Wrong. If you are the idea person, you also must be the executor of the idea. High integrity and impressive professionals who will unquestioningly execute your ideas don’t exist. Seasoned CEOs bring strategy with them. It isn’t impossible to find a partner or an executor to join your team, but be careful expecting that you can withdraw from a rapidly growing company and sail off into the sunset while someone else grinds out a success. There isn’t another person who cares as much as you do about your idea to grind through difficulty and pain. Building a company is hard work. And hiring someone proven to do hard work is expensive...

7. I need all functions in house from the beginning.

There are several functions that really should be internal. In the early stages, you can save valuable funds by leveraging experts. You can often get a much more experienced CTO or CFO on a fractional basis than you could by hiring direct. And early on, funds should be preserved as much as possible and directed toward convincing customers to explore the benefits of your product. Be smart. The goal isn’t to have a ‘team’ that investors will fund, but to show customers who are experiencing benefits and, better yet, showing acquisition of revenue that costs you less than $1 per dollar of annual recurring revenue. Showing actual metrics and actual cash results will open more doors than having an in-house ‘team’ of has-beens. 

8. My software is self-installing and doesn’t require training.

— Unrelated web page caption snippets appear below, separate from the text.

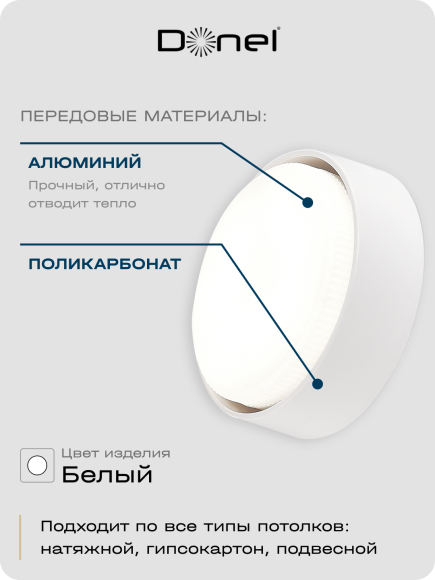 Donel, св-к накладной, цвет БЕЛЫЙ, D83xH24,3мм, под лампу GX53, материал РС, IP20, серия: DN04, DN04004R1W Donel, св-к накладной, цвет БЕЛЫЙ, D83xH24,3мм, под лампу GX53, материал РС, IP20, серия: DN04, DN04004R1W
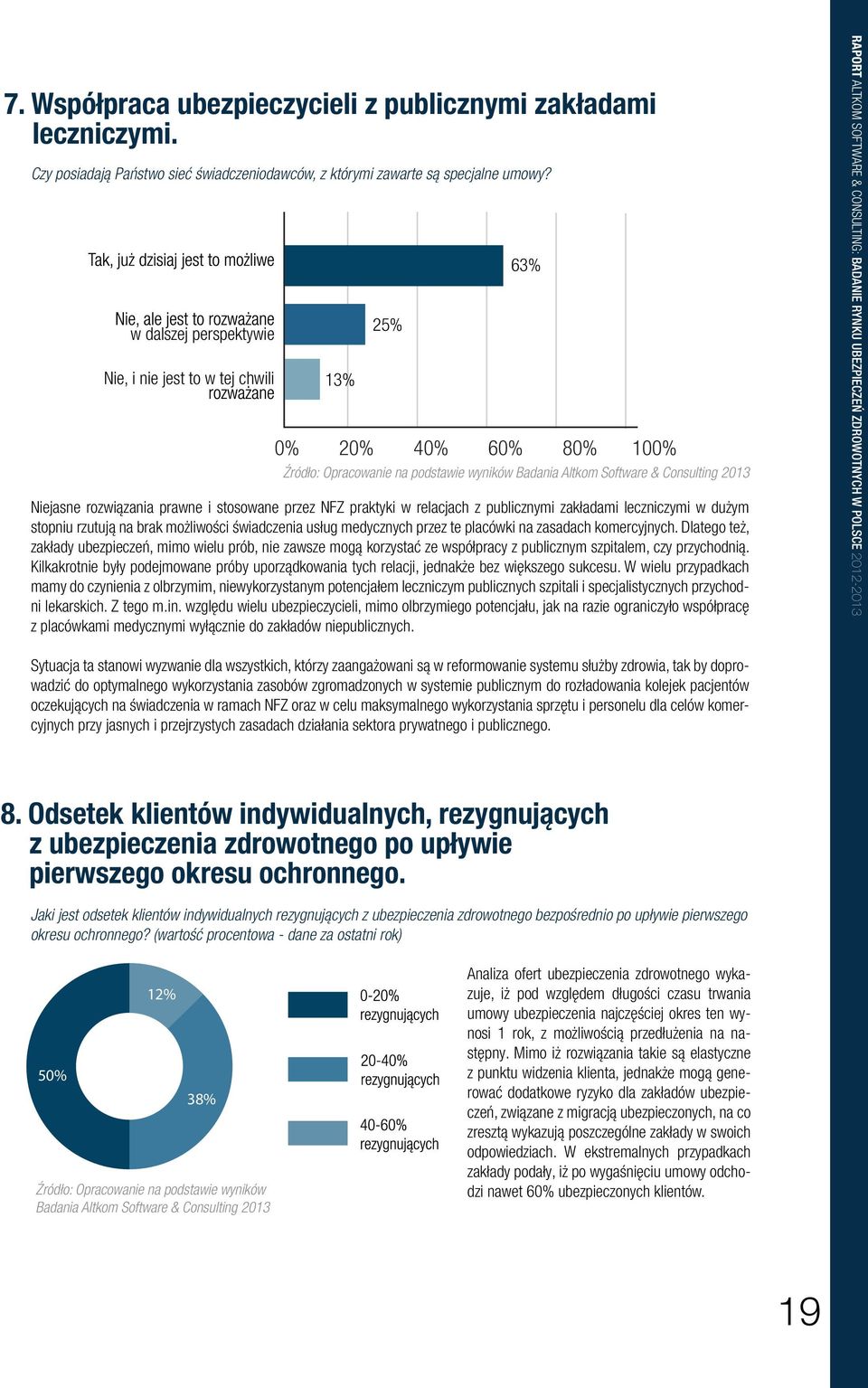 brak możliwości świadczenia usług medycznych przez te placówki na zasadach komercyjnych.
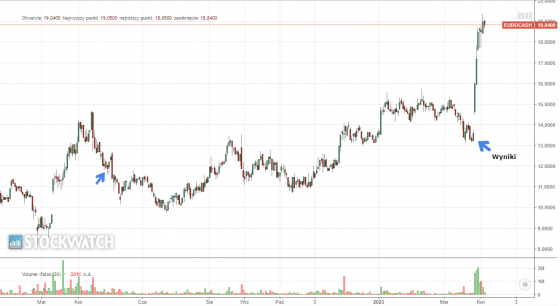 eurocash, wykres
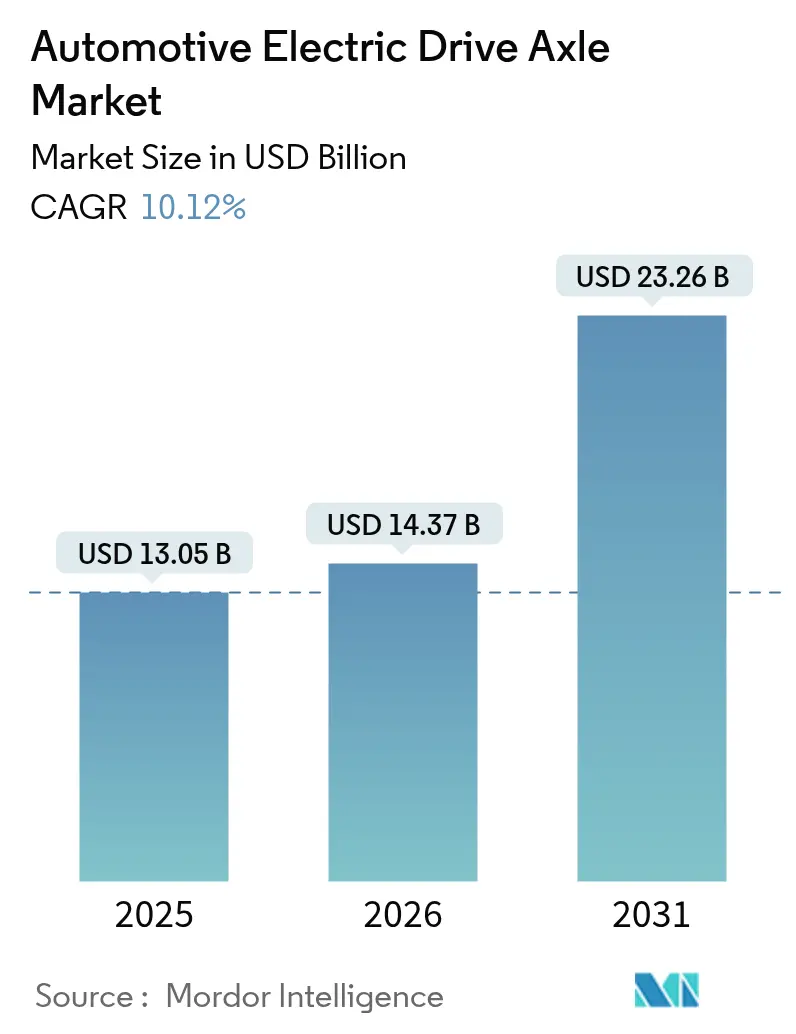 Automotive Electric Drive Axle Market (2025 - 2030)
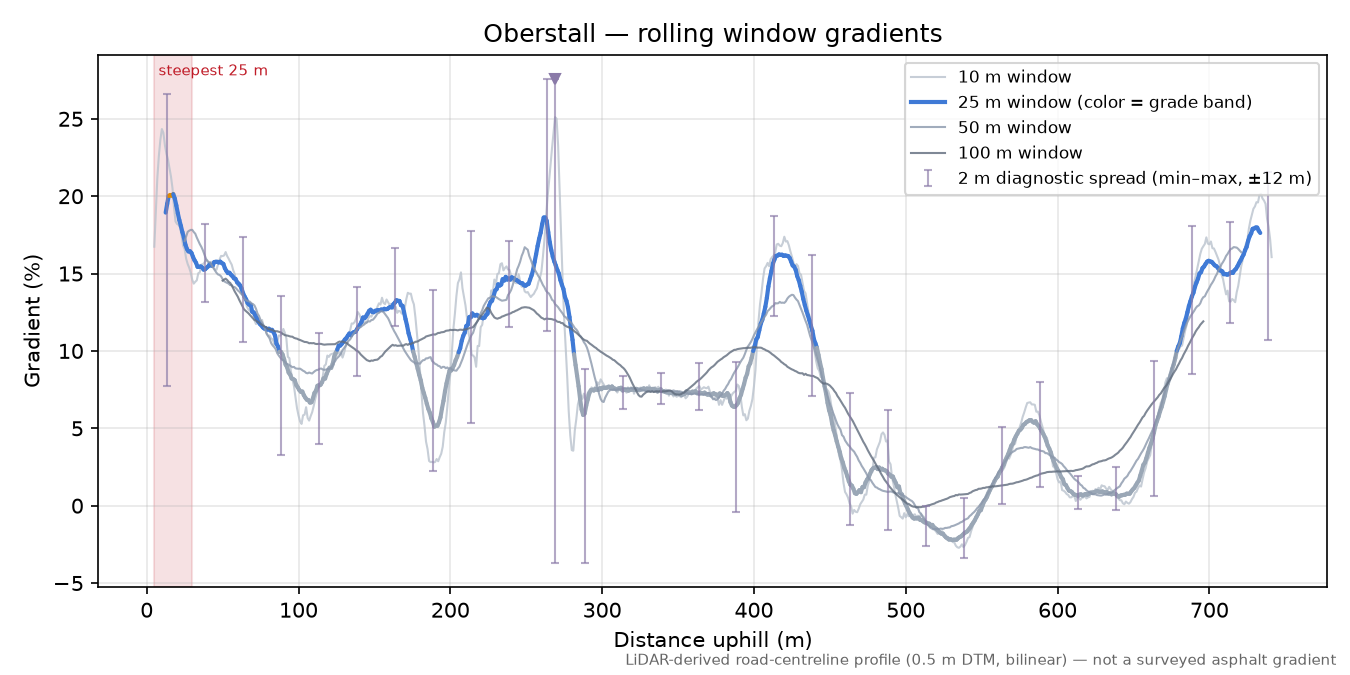 Oberstall rolling gradient profile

Service is provided by people not machines. And people buy more service than content. Think about your own purchase decisions. Upgrading to Pandora Premium at the ‘hefty’ price of $8.99 per month takes more effort and brain trauma to you (the customer) than a decision to pay a baby-sitter $50 for a date night for you and your wife. Service sells better than software. Can you add service to your idea? Can you enable service with your idea? Even better, can you sell service for a while to build revenue and ‘win’ on the merits of this service and then build software to automate portions of your delivery and gain margin in a traditionally low margin business?

9. This will take me a few years and then I will be free to do my passion. 

Building this company needs to be your passion. Don’t put a timeline on your growth or on your exit. Have enough cash in the bank account and stamina in the emotional gas tank to survive double or triple your longest expectation. The activities of building a software company are hard and the journey long. If you stick with it and if it is your passion you might be able to hue out of this mountain of effort a gem of great value. 

10. The best product will win.

The best sales pitch wins; always. A good sales pitch can be weighed down by a bad product, but it takes years for new customers to react to a bad product that is sold well. This doesn’t diminish the importance of a good product, but rather suggests that the delivery of the product to customers and their experiencing the benefits to them is just as important as a new feature or a ‘better’ product. Be careful of expecting customers to come to you just because your product is better than the dominant incumbent. Changing behavior is really hard and really expensive.